Indeed, if global biospheric relations are undergoing a major reorganization due not so much to the interference of humanity (this would again be the epitome of the shallow-ecological view, since it keeps people apart from nature) but rather the development within the biosphere of the human phenomenon, it is perfectly natural for us as sentient beings to feel distress in the presence of such sweeping changes. What is in question, however, is the assumption that we know that the planet is sick and can fix it by bringing it to some sort of environmental stasis. Without being dismissed as technophiliac, we would like to suggest that the decline in species diversity may be balanced by an increase in technological diversity-a trade-off that may ultimately enhance the longevity of the biosphere.
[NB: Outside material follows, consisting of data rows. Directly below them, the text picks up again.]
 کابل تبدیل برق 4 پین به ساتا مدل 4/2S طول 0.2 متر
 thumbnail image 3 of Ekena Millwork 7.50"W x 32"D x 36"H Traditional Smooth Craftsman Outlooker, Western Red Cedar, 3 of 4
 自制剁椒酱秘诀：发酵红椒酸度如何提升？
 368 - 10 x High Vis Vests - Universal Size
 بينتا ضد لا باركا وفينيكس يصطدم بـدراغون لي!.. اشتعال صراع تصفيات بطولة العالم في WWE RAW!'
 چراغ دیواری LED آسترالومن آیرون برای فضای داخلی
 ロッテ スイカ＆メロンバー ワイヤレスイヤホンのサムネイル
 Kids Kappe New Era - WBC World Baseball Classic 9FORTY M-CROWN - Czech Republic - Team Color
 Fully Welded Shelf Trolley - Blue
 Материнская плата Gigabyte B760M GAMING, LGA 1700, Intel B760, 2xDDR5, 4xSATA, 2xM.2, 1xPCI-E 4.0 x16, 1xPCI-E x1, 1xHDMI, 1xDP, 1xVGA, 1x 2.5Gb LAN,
In 1973 the Soviet biologist M. M. Kamshilov (1976) performed a controlled experiment in which he added harmful phenolic acid to a series of laboratory communities, each more complex than the last. The first ecosystem consisted only of bacteria-the only kingdom of life whose members are varied and biochemically versatile enough to completely recycle foods into wastes without the aid of members of other kingdoms. By themselves the bacteria were able to break down the phenolic acid, but not as quickly as the more complex systems. The second vessel, which contained not only bacteria but aquatic plants, was able to neutralize the toxic acid more rapidly than the bacterial ecosystem. Following in this trend, the third system, to which was added molluscs, was even more effective. And the fourth, which incorporated fish, molluscs, plants, and bacteria, removed the phenolic acid at a quicker rate still. Notice that the model systems that recycled fastest were not simply the most complex assemblages but those that incorporated more recently evolved organisms into a base of ancient life-forms.

The appearance of dramatically new life-forms may cause an initial period of destabilization and discomfort as they rapidly spread. But for a newly evolved life-form to survive in the long run it must integrate itself into the global ecosystem of which it forms an increasingly large part. The global ecosystem is far bigger and more metastable than any single life-form, including the most disruptive. This statement applies emphatically to technological humanity-a species now confronting with greater responsibility than ever before (out of sheer necessity) the consequences of its pioneer stage of rapid proliferation and settlement. If this is the case, then the present concerns for the environment need no more signify planetary pathology than they indicate robust global health. Indeed, they may be more lie the pains of some strange animal which, in sensing the culmination of its difficult pregnancy, takes conscious care to eat well and procure extra rest.